---------- Record set

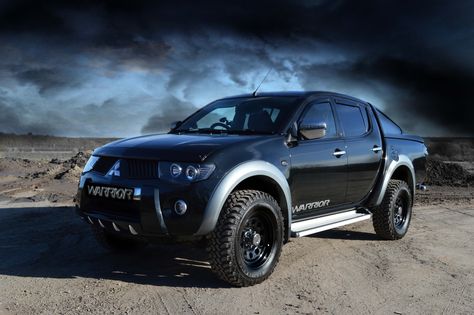 Mitsubishi L200 Warrior Fastback. RalliArt Tuned engine. Modular wheels.   32" off road tyres. Black front grill. Smoked black side lights. Eagle eye led Headlights. Smoke black rear lights. Mitsubishi Fastback rear. Smoke black window guards. Black rear quarter and fastback tints. Aluminium side runners. Stainless rear curved bumper. Smoke black bonnet guard. Reverse camera. dvd. Auto gearbox. Chrome wing mirrors. Mitsubishi L200 Modified, L200 Warrior, Triton 4x4, Mitsubishi Pickup, Mitsubishi Ralliart, Pick Up 4x4, Pickup Car, Van Storage, L200 Triton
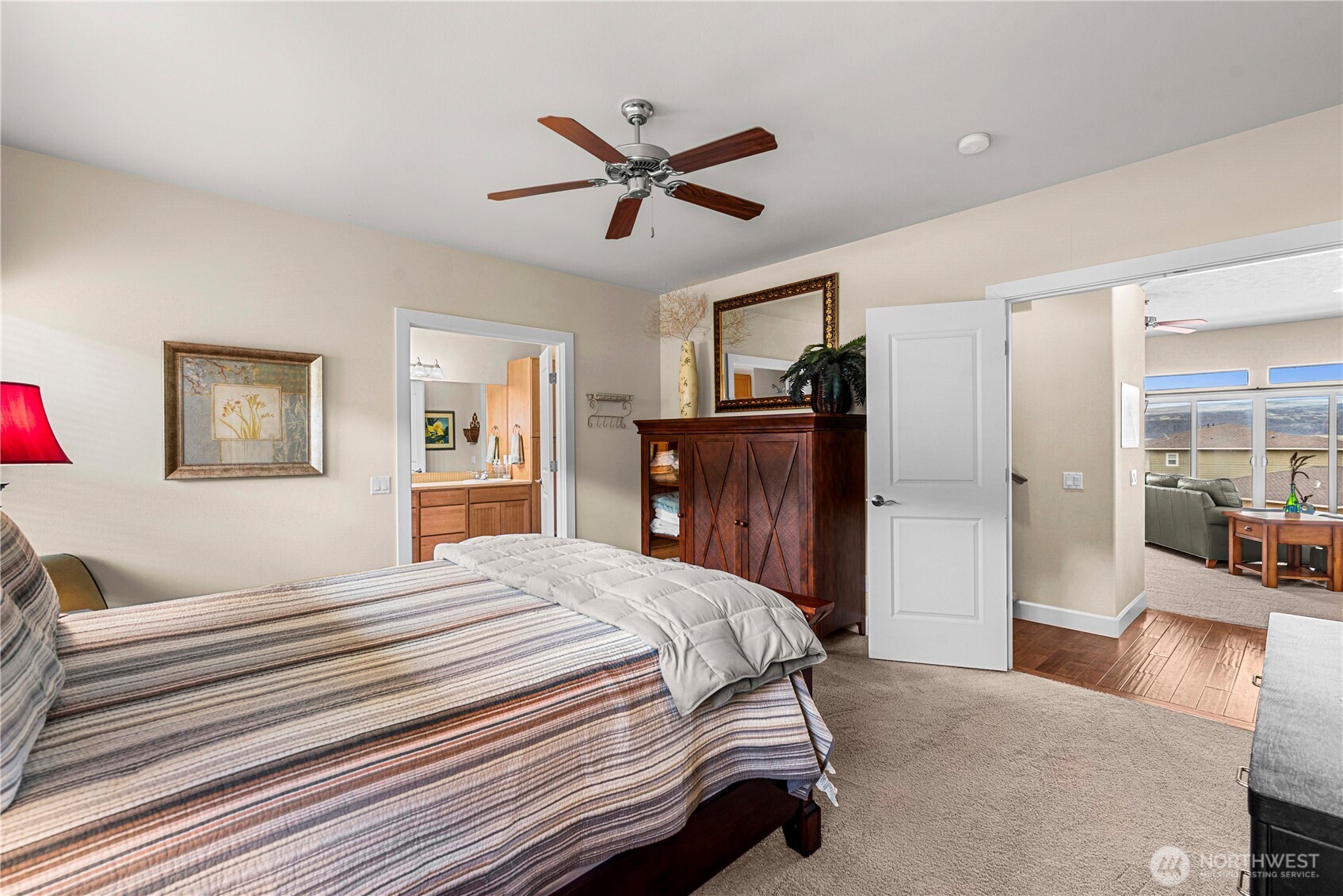 9122 Red Hawk Lane Northwest, Unit A76 Quincy, WA 98848 - Photo 18 of 40 a bedroom with a bed and a chandelier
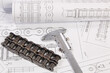 © bayurov - Driving roller chain with a caliper on a paper engineering drawings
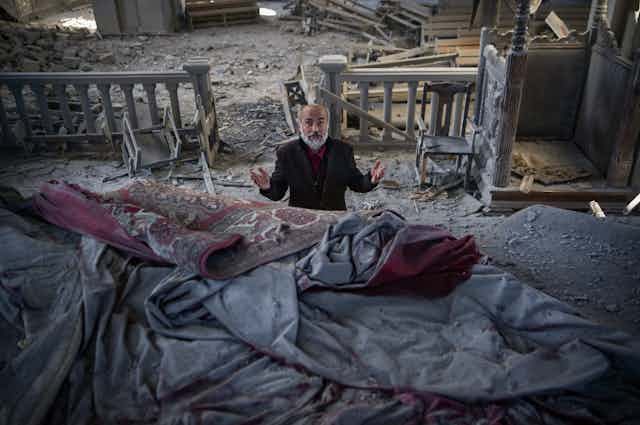 A man with grey beard prays in a church filled with debris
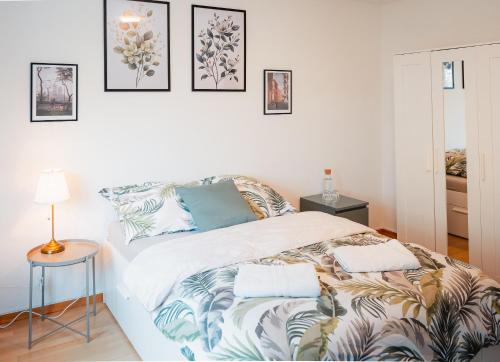 een witte slaapkamer met een bed met kussens erop bij Moderne 3-Zimmer-Wohnung in Top-Lage in Karlsruhe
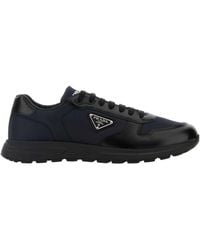 Prada - Logo Plaque Low-Top Sneakers - Lyst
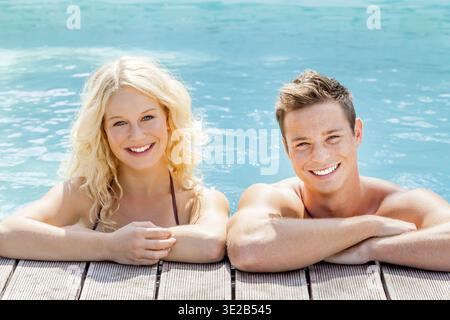 A young attractive couple, 30 years old, relaxing at the swimming pool, man, woman, blonde, blonde, Federal Republic of Germany Stock Photo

--------------------

The lines from the one containing "een witte slaapkamer" through the last line of the records are what you should copy, word for word and nothing else, with pictures left out.

 een witte slaapkamer met een bed met kussens erop bij Moderne 3-Zimmer-Wohnung in Top-Lage in Karlsruhe
 Prada - Logo Plaque Low-Top Sneakers - Lyst
 A young attractive couple, 30 years old, relaxing at the swimming pool, man, woman, blonde, blonde, Federal Republic of Germany Stock Photo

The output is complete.